Some people have multiple personalities that change as often as Lady Gaga’s dress sense. One day they’re loving and caring. The next they’re angry and hostile to the point of wanting to snap the neck of puppies. These people are usually not the kind of people who should be in positions of power where their authority is wielded on the whim of whatever meds they are or aren’t taking. That’s part of what makes someone like Storm such a perfect headmaster for the Jean Grey Institute. More than any other X-man, she has been the emotional and spiritual rock for generations of mutants. Her loving, compassionate grace is more consistent than Peyton Manning on game day.

But what happens when that rock of stability turns into a badly hung over Wolverine? That’s exactly what the inversion has done to Storm in the events of Avengers and X-men: AXIS. Thanks to yet another case of the Scarlet Witch’s bullshit, she and some of the other X-men have gone evil. Now she’s about as compassionate as a hungry grizzly that shits typhoons. And she is still the head of the Jean Grey Institute. May Odin and every other god in the Marvel universe have mercy on the poor souls of the students.

Almost as jarring as Storm going evil is Kid Omega suddenly not being the insufferable douche-bag he’s been for the last decade. He certainly went out of his way to exercise his douche-baggery in the events leading up to Wolverine’s death.
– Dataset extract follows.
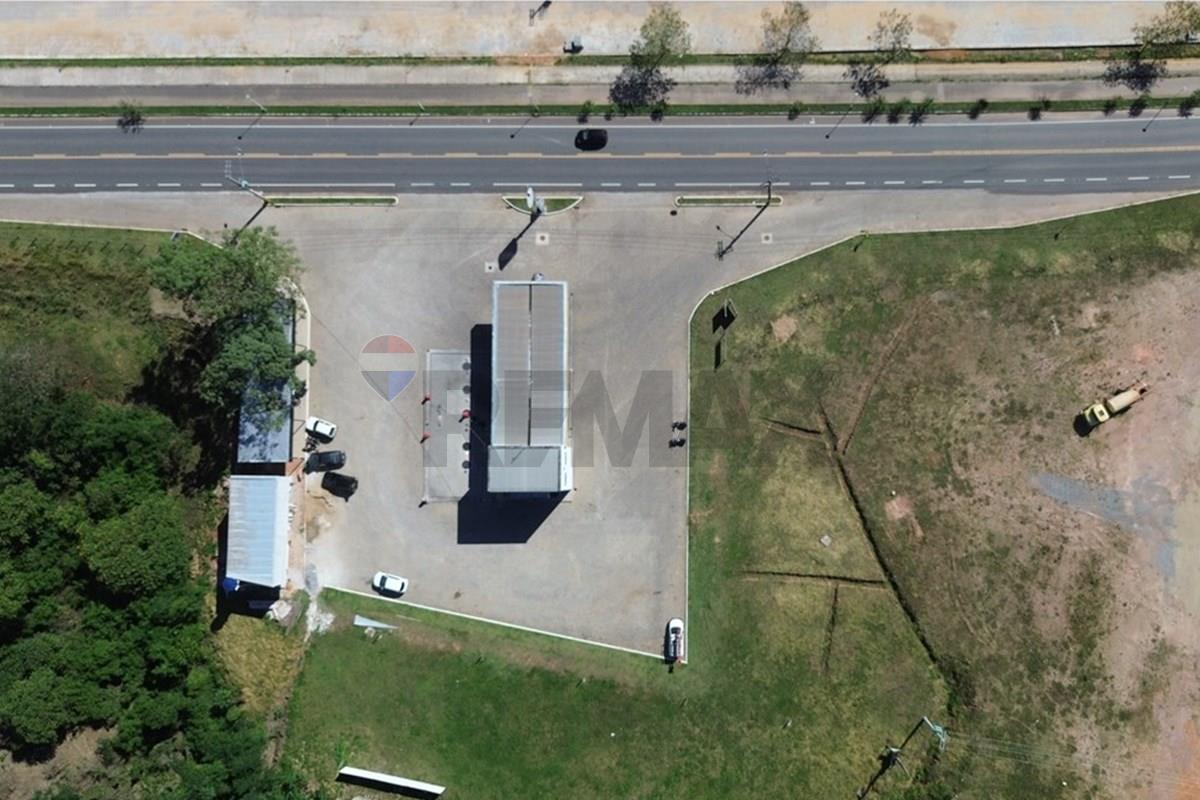 Terreno, 2034 m² - Foto 32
He took over the Phoenix Corporation, quit the Jean Grey Institute, and generally shrugged off Wolverine’s death the same way Chuck Norris shrugs off a hangover. Now he’s partying it up at the Hellfire Club. It’s basically like an orgy at the Playboy mansion and cocaine bender with Charlie Sheen. An douche-bag teen should be in heaven, but that’s not how Kid Omega feels anymore.

He’s at this party, surrounded by the kind of rich assholes he would love to mind-fuck just to give himself a boner. Yet he doesn’t feel inclined to do any of that shit. His inner monologue details the extent of his inversion, something that has been explored in other tie-ins. It’s been explored better because all it really shows here is that Kid Omega is no longer exercising his douce-bag tendencies, but it’s still nice to see the nuts and bolts of the inversion.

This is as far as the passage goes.